From our early Manchester days in 1981, we have had a vein of Goth running through us. It exhibits itself in our love of the music, the original gothic footwear in our collection, the fusion of goth influences into new collections
and our unequivocal championing of the outsider.
So, what is Goth. It’s the 19th Century actress Sarah Bernhardt wearing a stuffed bat and sleeping in a coffin, the macabre, greyscale illustrations of Edward Gorey, a coal-eyed Siouxsie Sioux submerged in a tub full of flowers or The Horrors in winkle-picker shoes singing “Sheena is a Parasite.” It’s Dicken’s Miss Havisham haunting her mansion in a decaying wedding dress, the crows-nest hair of Robert Smith, Edward Scissorhands, and a young and boisterous Nick Cave. ,1960’s horror movies and 1880’s literature. It’s the doom, dynamism, and depths of colour black.
Many subcultures are borne from a feeling of ‘otherness’; a means of outsiders banding together with a shared impetus and uniform. None more so than the Goths, a subculture forged from themes of clandestine mystery and melancholic romance.
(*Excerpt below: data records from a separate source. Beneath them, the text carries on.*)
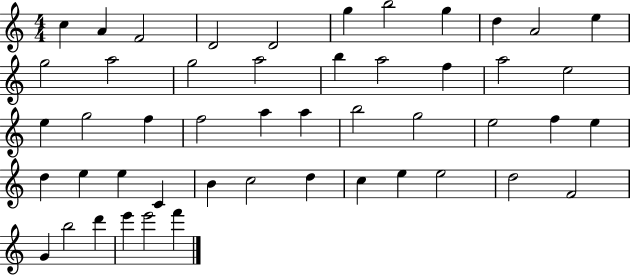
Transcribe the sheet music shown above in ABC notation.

X:1
T:Untitled
M:4/4
L:1/4
K:C
c A F2 D2 D2 g b2 g d A2 e g2 a2 g2 a2 b a2 f a2 e2 e g2 f f2 a a b2 g2 e2 f e d e e C B c2 d c e e2 d2 F2 G b2 d' e' e'2 f'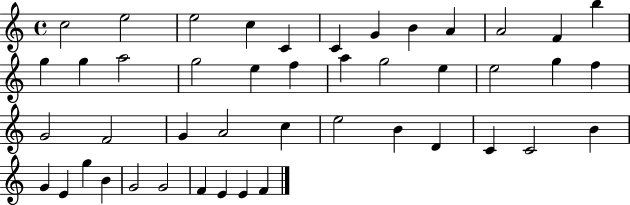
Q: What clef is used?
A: treble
Goth as a youth culture emerged in the 1970s, yet the ‘Gothic’ had already existed as a prevalent cultural theme two centuries prior. Taking inspiration from the Medieval and the morbid, the Gothic literature of the late 18th and 19th Centuries signalled a fascination with dark romanticism, science, and the occult. Occupying the realm between “wonder and terror,” Gothic fiction gave way to Victorian ghost stories and the Hammer Horror films of the 1930s.
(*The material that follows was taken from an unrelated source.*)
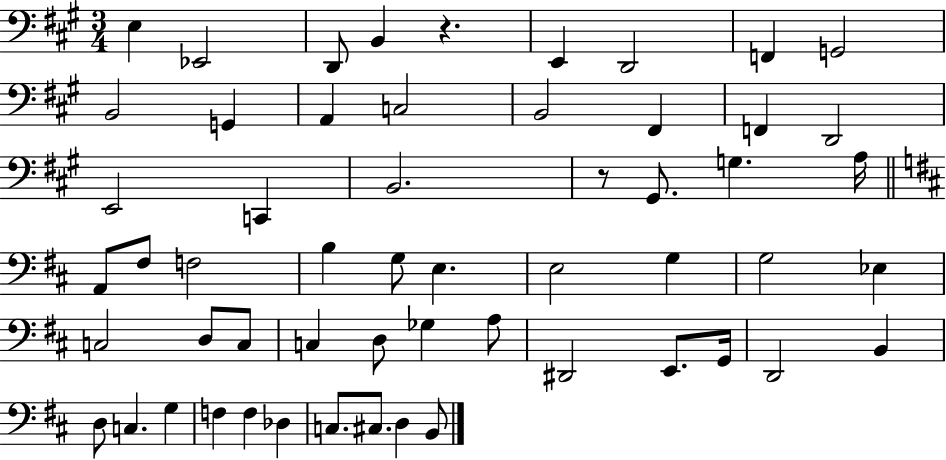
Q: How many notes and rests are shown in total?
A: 56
It wasn’t until 1967 when the Gothic was apparently applied to music; “Gothic rock” was allegedly formulated by music critic John Stickney when describing The Doors. The term reared its (black and knotted) head later that year, in reference to the captivating darkness of The Velvet Underground. Goth as a fully-fledged music genre ascended in the late 1970s and early 1980s when a sub-sect of punk splintered away from the brashness of gobbing to a realm of decay and decadence. Porcelain skin, eyes painted ebony and haunting, brooding songs; the wail of Siouxsie and the Banshees was a call to arms for young goths (despite Siouxsie’s disdain as being labelled the ‘goth-mother.’) The dour atmosphere of Joy Division had a gothic lilt, The Cure were amid their early Gothic phase, yet it was Northampton band Bauhaus’ 9-minute-long debut single, “Bela Lugosi’s Dead”, which is widely considered Goth’s harbinger.
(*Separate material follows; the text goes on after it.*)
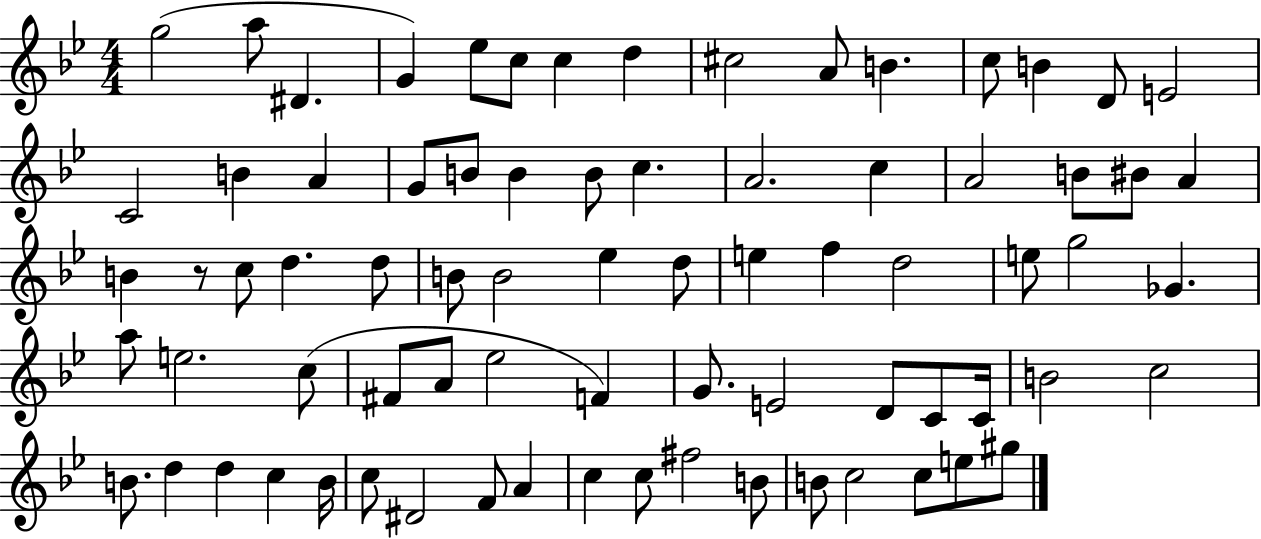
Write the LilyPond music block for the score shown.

Many of those who have been heralded and historicised as bastions of Goth are the most hesitant to be defined as such, noting it’s one-dimensional trappings of gloom. Furthermore, Goth can be viewed as one-dimensional regarding multiculturalism, or a lack of such. In an article written for Medium, Shanna Collins certified the overlooked African origins of Gothic tropes; skulls and serpent imagery is rooted in indigenous spiritual tradition, as is the belief that the colours black and grey are associated with “the morbid, shadow aspects of life that are hidden from public consciousness.” asserts that the earliest Goth song was penned in 1956 by Screamin’ J Hawkins’ ‘I Put a Spell on You.’ Lyrics seething with romance and witchcraft, a bone through his nose and clad in a cape, Hawkins’ is fundamental in the heritage of Goth.
Gothicism became diluted yet prevalent; Nick Cave went from gothic ferocity (wearing leather trousers and dementedly screaming in The Birthday Party), to Southern Gothic, (the murder ballads and swampy imagery of The Bad Seeds) made sartorially manifest in his wife, Susie Cave’s, elegant “Vampire’s Wife” dresses. Loitering in the shadows of high fashion, the Goth can be seen in Alexander McQueen’s fascination with bloodthirsty fairy tales, Prada’s AW19 show (Wednesday Addam’s plaits and black lace dresses adorned with the face of Frankenstein’s monster) and the ghostly, baroque designs of Dilara Findikoglu.
Goth in its most authentic form remains tied to the misfit groups of youth culture. They can be seen skulking around Camden Market, or en masse at Whitby Goth Weekend, home to Bram Stoker’s Dracula. More importantly, and as we have reported before, like many subcultures of the underground, Goth has transcended its perceived boundaries, retained the feeling of “otherness”, and shrouded itself in the darkness of other music genres. In club nights such as Slimelight it embraces industrial, dark techno and dark wave and over at Wraith Club it emerges through transgressive performances, fetish, and an array of interpretations of contemporary Goth fashion.
The Goth is surely the most pervasive and persisting of subcultures. Bauhaus sang it best: “Undead undead undead!”